Comments (no special order):
1. Lines 43-45. Please, explain. Are the changes evoked by the virus supposed to favor its replication? And if so, would blocking/reverting those changes stop/reduce virus replication? Is it the therapeutic mechanism you suggest? Please, make the hypothesis clear already here.
2. All abbreviations used in the Figures, not including protein names, should be explained in the legends.
3. What are the limitations of the study?
4. What would be further steps? Animal experiments? Organoids?
5. In the Discussion, please, mention other, maybe even more direct, options of antiviral treatment, such as antisense approaches developed for other types of respiratory viruses including HRV or RSV (PMID: 27155029 and 30114391).
6. Lines 175-178. Can you imagine any escpae mutation making it possible for the virus avoid the consequences of your treatment strategy.
Author Response
Authors’ statement: All changes are highlighted in yellow in the manuscript.
With interest, I read the manuscript metabolites-1372053.
Comments (no special order):
- Lines 43-45. Please, explain. Are the changes evoked by the virus supposed to favor its replication? And if so, would blocking/reverting those changes stop/reduce virus replication? Is it the therapeutic mechanism you suggest?

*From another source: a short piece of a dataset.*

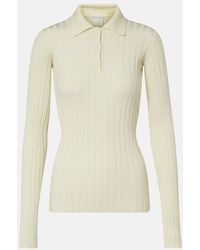 Calvin Klein - Amber Wool Polo Sweater - Lyst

Please, make the hypothesis clear already here.
Authors’ response:
To address this comment, the Introduction was amended as follows (p. 1/2, lines 46-51):
“At the cellular level, SARS-CoV-2 induces a shift of the host cell metabolism towards glycolysis in infected cells. The glycolysis inhibitor 2-deoxy-D-glucose (2DG), which targets hexokinase (the rate-limiting enzyme in glycolysis), interferes with SARS-CoV-2 infection in colon adenocarcinoma (Caco-2) cells and monocytes [8,9], suggesting that the observed metabolic changes support virus replication and represent an antiviral drug target.”
- All abbreviations used in the Figures, not including protein names, should be explained in the legends.
Authors’ response:
This was done.
- What are the limitations of the study?
- What would be further steps? Animal experiments? Organoids?
Authors’ response:
We feel that these are two closely related comments that can be answered together. In the course of the revision, we have added data showing that benfooxythiamine (BOT) also inhibits SARS-CoV-2 replication in air-liquid interface (ALI) cultures of primary human bronchial epithelial (HBE) cells (new Figure 3D-F). Hence, animal experiments would be a logical next step and we amended the Discussion as follows (p. 8, lines 214-215):
“Therefore, the further testing of such therapy strategies in animal models is warranted.”
- In the Discussion, please, mention other, maybe even more direct, options of antiviral treatment, such as antisense approaches developed for other types of respiratory viruses including HRV or RSV (PMID: 27155029 and 30114391).
Authors’ response:
To address this comment, we amended the Discussion as follows (p. 7, lines 207-203):
“Moreover, other direct antiviral approaches such as antisense strategies are under de-velopment for respiratory viruses such as SARS-CoV-2 [39-41], but are not yet clinically available as treatment option for COVID-19.”
- Lines 175-178. Can you imagine any escpae mutation making it possible for the virus avoid the consequences of your treatment strategy.
To address this comment, we amended the Discussion as follows (p. 7, lines 205-207):
“In this context strategies that target host cell instead of viral targets have been postulated to be potentially associated with reduced resistance formation [42,43].”
Round 2
Reviewer 1 Report
The revised manuscript is substantially improvised and acceptable form.